Your tactis are far worse, using my CV as some kind of way of starting
yet more personal attack towards me.
Trying to confuse an operating system with a project, and Suggests
with Recommends or Depends are both childish. Telling others not
to mention non-free software while advertising oneself for work as
a Windows user seems hypocritical:
I am not advertising any non-free software in there, please get a idea
what a CV contains. I expect an apology from you for resorting to
such insulting means of starting to use my resume against me. It is
simply not acceptable.
It does not include one.
It does so. You have quoted the relevant parts:
'works that do not conform to the Debian Free Software
Guidelines. We have created "contrib" and "non-free" areas in our
archive for these works. The packages in these areas are not part
of the Debian system' -- http://www.fr.debian.org/social_contract
_Debian_ has created in _their_ _archives_ non-free areas for users.
This is clearly supporting non-free software, clearly it is giving
space for non-free software. That they weasle out with `these areas
are not part of the Debian system' is irrelevant.
> Because it _includes and supports_ non-free software. It is
> really that simple.
Is that an official GNU project position? It's whack. Debian
doesn't include non-free software and GNU supports non-free
software as much as Debian
"We have created "contrib" and "non-free" areas in our archive for
these works" Where does GNU support non-free software in this manner?
I claim that GNU (the software) does host non-free software
somewhere. There is a difference between project and product.
GNU is a operating system, and is hosted on the GNU project machines
(ftp.gnu.org, savannah.gnu.org). Where does the GNU system "host"
non-free software exactly? You have claimed this several times, with
no single example.
I pointed out that the GNU project recently assisted projects more
proprietary-vendor-like than debian.
Which projects are these?
I understand that Sun's Java software will run on GNU.
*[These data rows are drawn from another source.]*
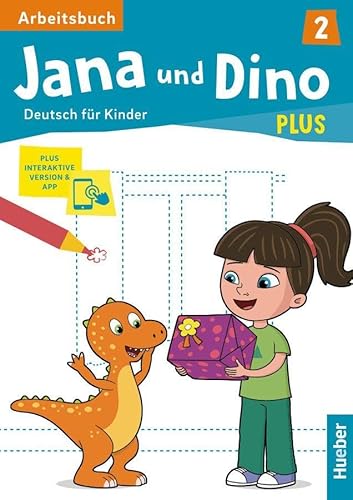 [9783194110618] Jana und Dino plus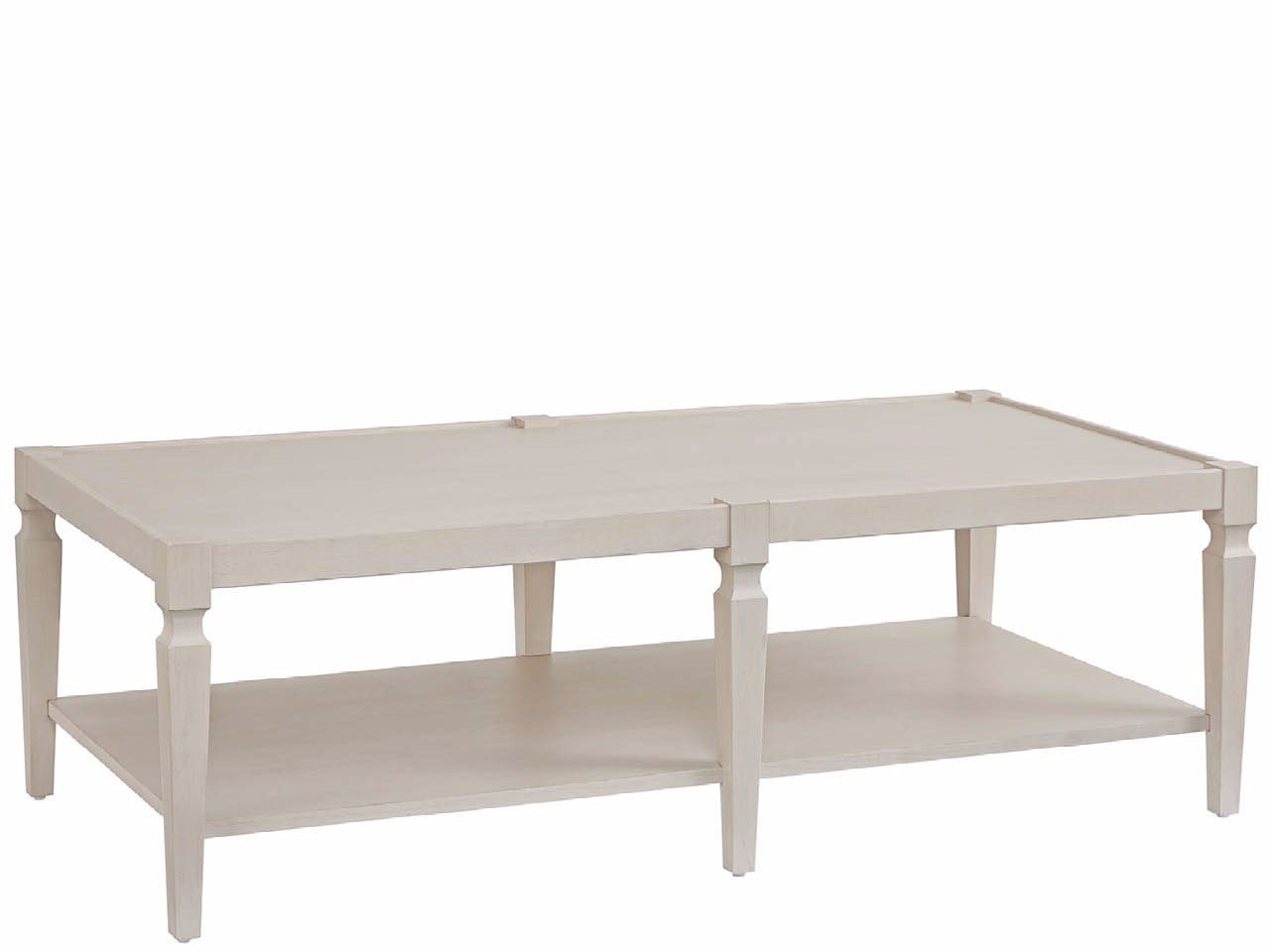 Single Shelf Cocktail Table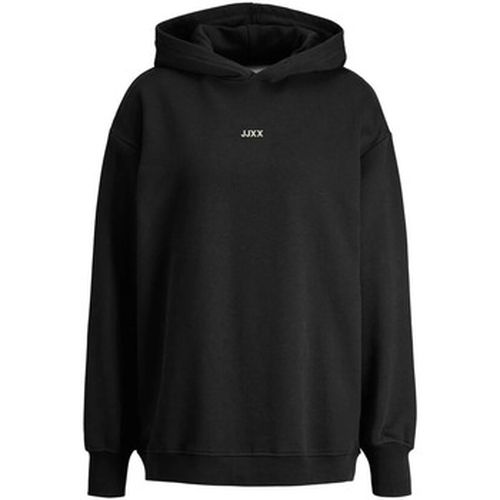 Sweat-shirt JXCLEO LS LOOSE TIME HOODIE NOOS - J&j - Modalova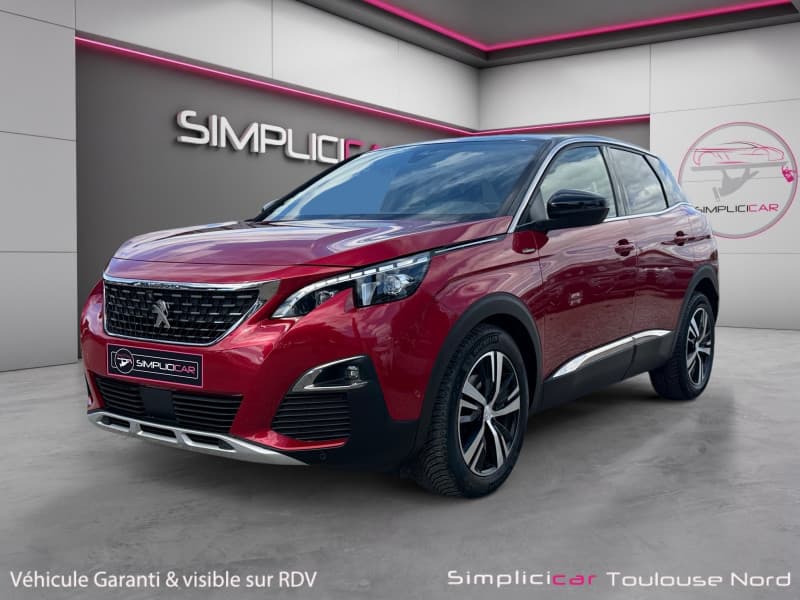 PEUGEOT 3008 photo 5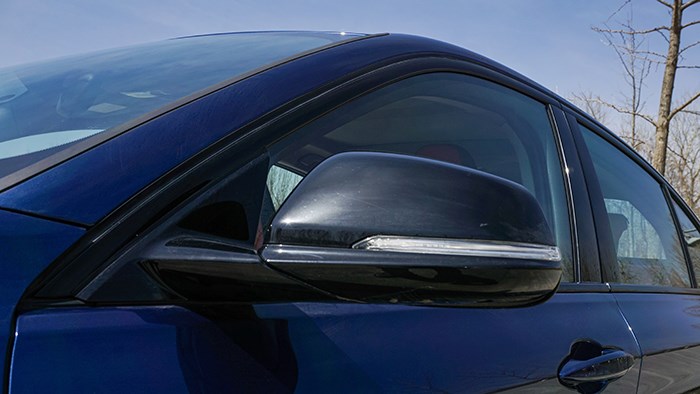 入門(mén)級(jí)好選擇 試駕寶馬1系125iM運(yùn)動(dòng)曜夜版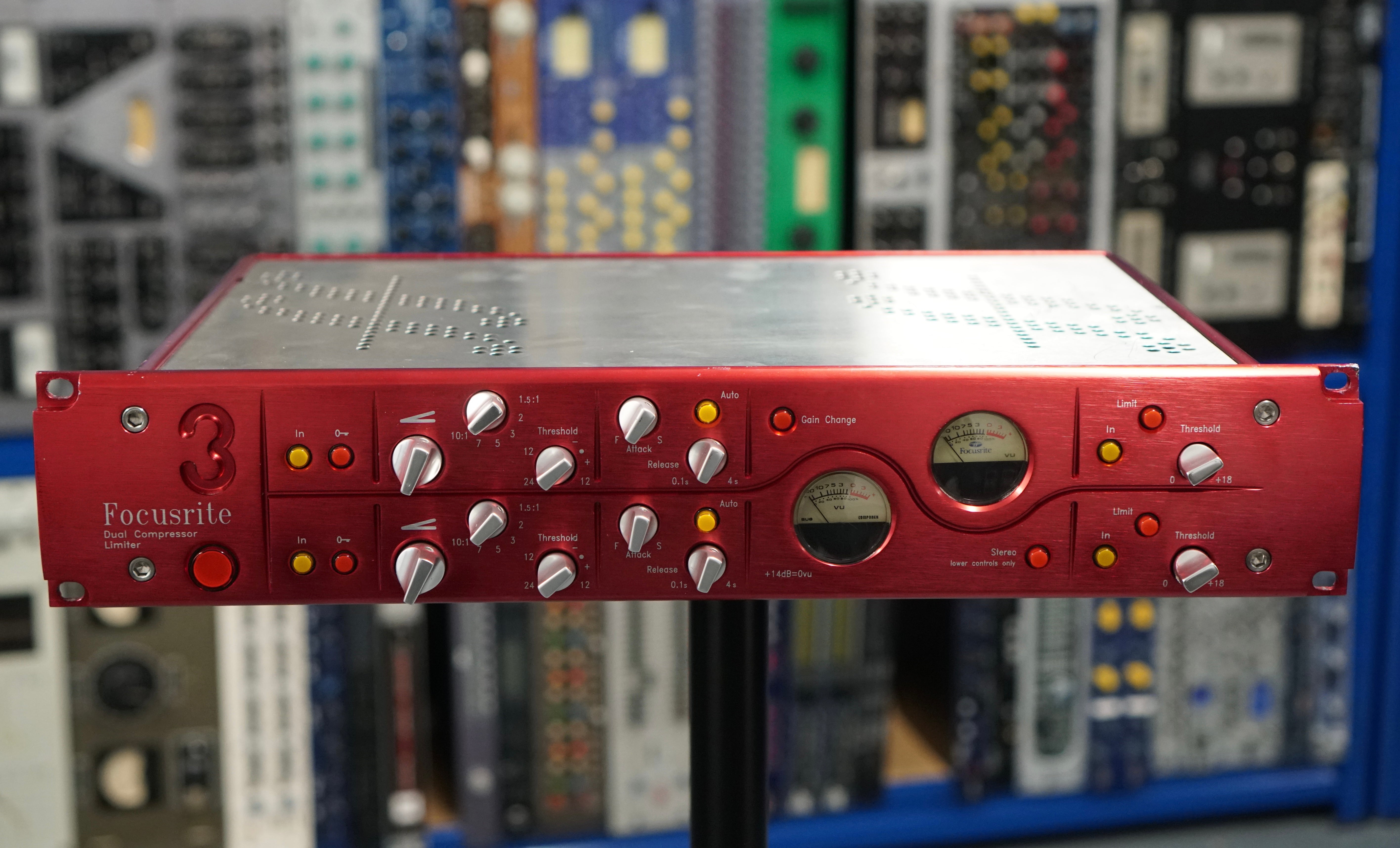 Focusrite Red 3
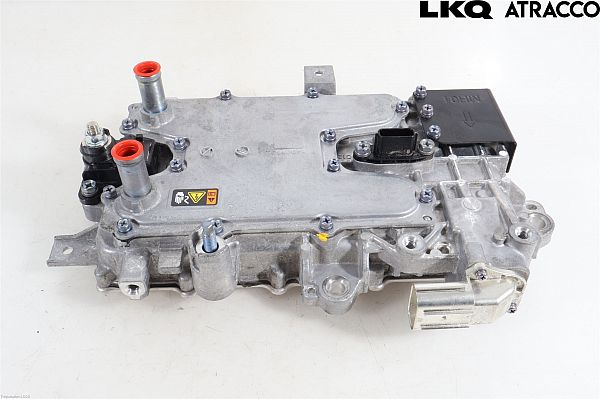 Automat -converter MAZDA MX-30 (DR)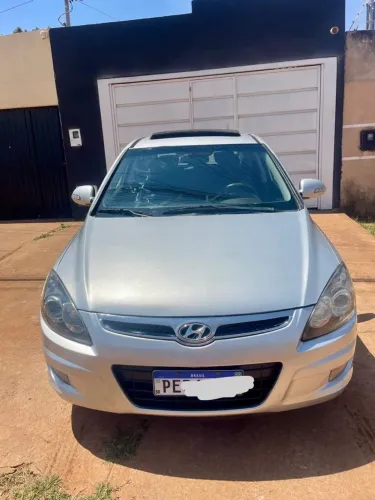 Hyundai I30 2.0 16V 145cv 5P Aut. 2011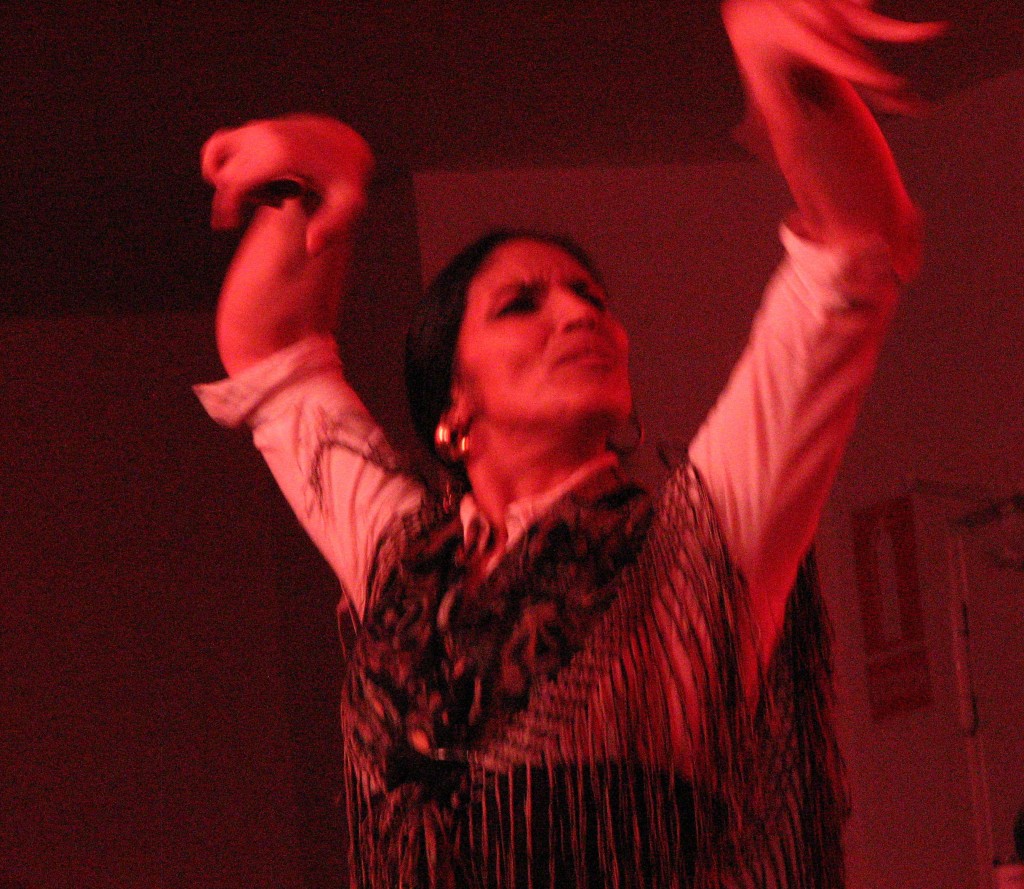 Flamengo Dance Spain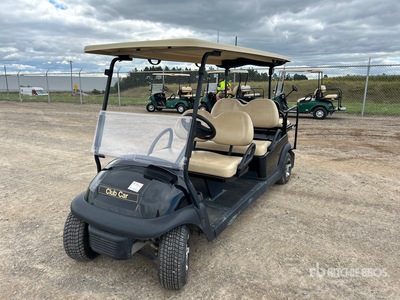 2014 Club Car RXV ELITE Electric Golf Cart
Maybe it can, maybe it cannot. But the GNU system and project do not
use it, distribute it, nor support it. Compare this to what Debian
does, which supports its usage, distributes it and uses it.
Your baseless attacks are boring. You have refused to answer any of
the claims of what the GNU project/system host for non-free software.
You have resorted on several occasions to personal attacks, and this
time you simply went to far and started quoting my CV. If anyone
should be excluded from this list it is you.